While this code is debatable too, I think that expect/runtest/dejagnu
itself should be timing out, and then force-killing gdb anyway.
The still-running log shows:
$ tail testsuite/outputs/gdb.threads/process-dies-while-handling-bp/gdb.log
(gdb) PASS: gdb.threads/process-dies-while-handling-bp.exp: non_stop=on: cond_bp_target=1: set breakpoint that evals false
continue &
Continuing.
(gdb) PASS: gdb.threads/process-dies-while-handling-bp.exp: non_stop=on: cond_bp_target=1: continue &
KFAIL: gdb.threads/process-dies-while-handling-bp.exp: non_stop=on: cond_bp_target=1: inferior 1 exited (timeout) (PRMS: gdb/18749)

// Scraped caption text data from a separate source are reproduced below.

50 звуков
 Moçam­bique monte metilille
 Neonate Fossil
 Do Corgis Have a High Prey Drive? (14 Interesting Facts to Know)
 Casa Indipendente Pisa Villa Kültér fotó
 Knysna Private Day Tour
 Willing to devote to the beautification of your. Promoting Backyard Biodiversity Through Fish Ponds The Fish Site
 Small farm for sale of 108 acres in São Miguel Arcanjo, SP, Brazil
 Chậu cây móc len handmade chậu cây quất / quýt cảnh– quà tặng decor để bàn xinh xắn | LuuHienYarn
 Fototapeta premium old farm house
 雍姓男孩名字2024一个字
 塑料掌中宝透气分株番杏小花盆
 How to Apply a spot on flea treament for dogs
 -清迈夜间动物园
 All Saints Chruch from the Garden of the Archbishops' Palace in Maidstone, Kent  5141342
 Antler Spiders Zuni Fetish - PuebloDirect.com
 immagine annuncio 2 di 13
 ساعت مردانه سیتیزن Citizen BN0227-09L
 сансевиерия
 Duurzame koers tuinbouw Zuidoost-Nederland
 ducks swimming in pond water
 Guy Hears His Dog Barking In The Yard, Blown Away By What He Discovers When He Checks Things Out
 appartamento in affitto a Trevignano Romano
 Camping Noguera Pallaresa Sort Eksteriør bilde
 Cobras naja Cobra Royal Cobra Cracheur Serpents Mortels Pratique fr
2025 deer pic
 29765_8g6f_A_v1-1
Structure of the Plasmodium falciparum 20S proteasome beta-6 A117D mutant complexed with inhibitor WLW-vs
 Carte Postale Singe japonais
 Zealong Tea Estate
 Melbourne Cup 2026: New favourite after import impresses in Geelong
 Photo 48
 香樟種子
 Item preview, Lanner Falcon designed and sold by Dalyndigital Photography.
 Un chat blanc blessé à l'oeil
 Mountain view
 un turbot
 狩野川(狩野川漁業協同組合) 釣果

Remote debugging from host 127.0.0.1
gdbserver: reading register 0: No such process
Killing process(es): 82121
monitor exit
Ignoring packet error, continuing...
$
So all is self consistent.
I just don't understand why doesn't dejagnu timeout.
I think the "monitor exit" is the one from
gdb/testsuite/lib/gdbserver-support.exp:gdb_exit.
The other hung test is "gdb.base/cond-expr.exp". This one's more
mysterious. Attaching to the gdb in question, I really see nothing. gdb
is not debugging anything, and is just waiting for input.
However, from:
$ tail testsuite/outputs/gdb.base/cond-expr/gdb.log
Type "show configuration" for configuration details.
For bug reporting instructions, please see:
<http://www.gnu.org/software/gdb/bugs/>.
Find the GDB manual and other documentation resources online at:
<http://www.gnu.org/software/gdb/documentation/>.
For help, type "help".
Type "apropos word" to search for commands related to "word".
/home/palves/gdb/build/gdb/testsuite/../../gdb/gdb version 7.11.50.20160505-git -nw -nx -data-directory /home/palves/gdb/build/gdb/testsuite/../data-directory -ex "set auto-connect-native-target off"
runtest completed at Thu May 5 10:31:20 2016
$
we see that that test did complete. So I can't really explain that...
So in sum, we may have gdb or gdbserver bugs, but the framework
should be timing out and coping anyway. Why isn't it? I have no
clue atm.
Thanks,
Pedro Alves